Perry G. Callas
Attorney at Law

5412 Route 31, Suite 5
Crystal Lake, IL 60012
815-479-8499

Business Organizations & Transactions FAQ

Are owners of a partnership personally liable for business debts?

Legally, a partnership is inseparable from its owners. As a result, each partner (with the exception of the limited partners in a limited partnership) is personally liable for the entire amount of any business-related obligations. This means that if you form a partnership, creditors can come after your personal assets (such as your house or car) to make sure any partnership debts get paid.

In addition, you are legally bound to any business transactions made by you or any of your partners, and you can be held personally liable for those actions. For example, if your partner takes out an ill-advised high interest loan on behalf of the partnership, you can be held personally responsible for the debt.

In contrast, owners of limited liability companies (LLCs) and corporations are not personally liable for business debts.

What happens if one partner wants to leave the partnership?

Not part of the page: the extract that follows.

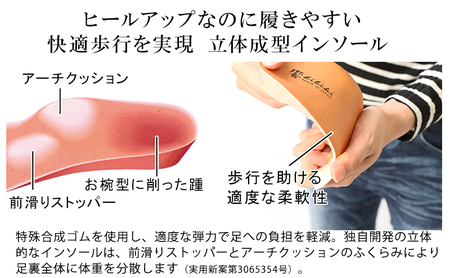 カンガルー革メッシュ ビジネスシューズ 革靴 紳士靴 6cmアップ シークレットシューズ 本革 通気性 モンクベルト プレーンモンク メンズシューズ No.1375 ブラック 24.0cm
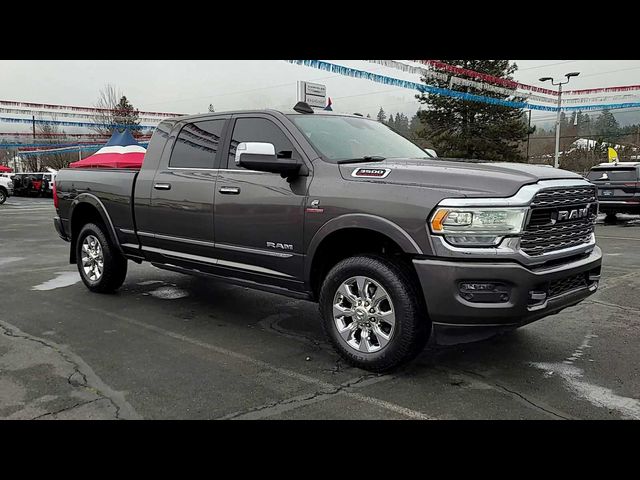 2019 Ram 3500 Limited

Before you go into business together, you and your partners should decide what will happen to the partnership when one partner retires, dies, or wants to leave the partnership for some other reason, such as a divorce or bankruptcy. You might feel like you're being overly cautious or pessimistic, but it almost always makes sense to include "buy-sell" provisions in your partnership agreement to deal with these issues. It's the best way to prevent resentments and serious problems (including messy lawsuits) from cropping up later on.

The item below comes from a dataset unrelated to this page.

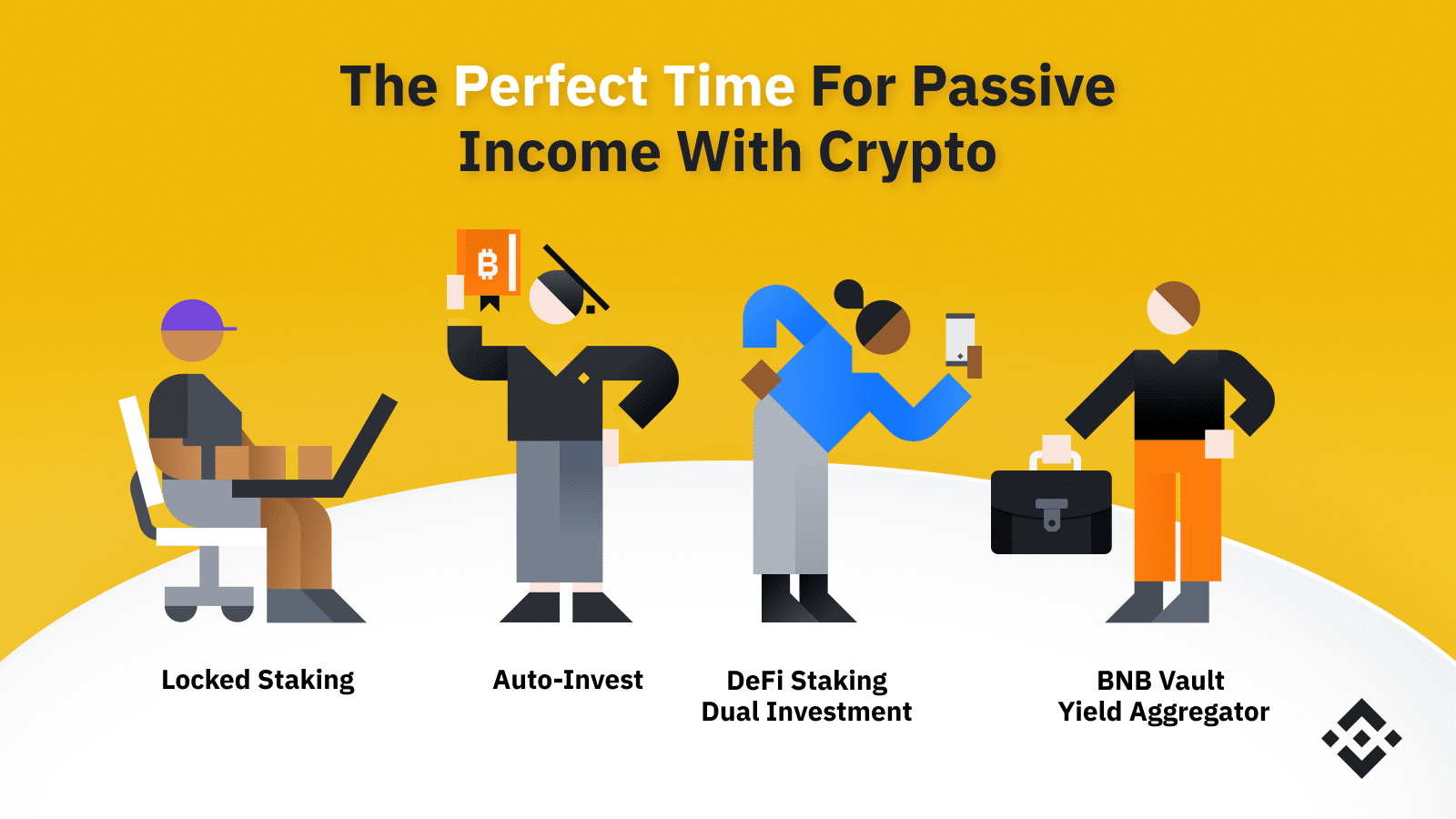 Best Ways To Earn Passive Income With Crypto In | coinlog.fun 💰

What are the differences between a partnership and a limited liability company?

When two or more people go into business together, they've automatically formed a partnership; they don't need to file any formal paperwork. By contrast, to form a limited liability company (LLC), business owners must file formal articles of organization (sometimes called a certificate of organization) with their state's LLC filing office (usually the secretary of state or department of corporations) and comply with other state filing requirements.

Aside from formation requirements, the main difference between a partnership and an LLC is that partners are personally liable for any business debts of the partnership -- meaning that creditors of the partnership can go after the partners' personal assets -- while members (owners) of an LLC are not personally liable for the company's debts and liabilities.

There is one similarity between LLCs and partnerships, however. They both offer "pass-through" taxation, which means that the owners report business income or losses on their individual tax returns; the partnership or LLC itself does not pay taxes.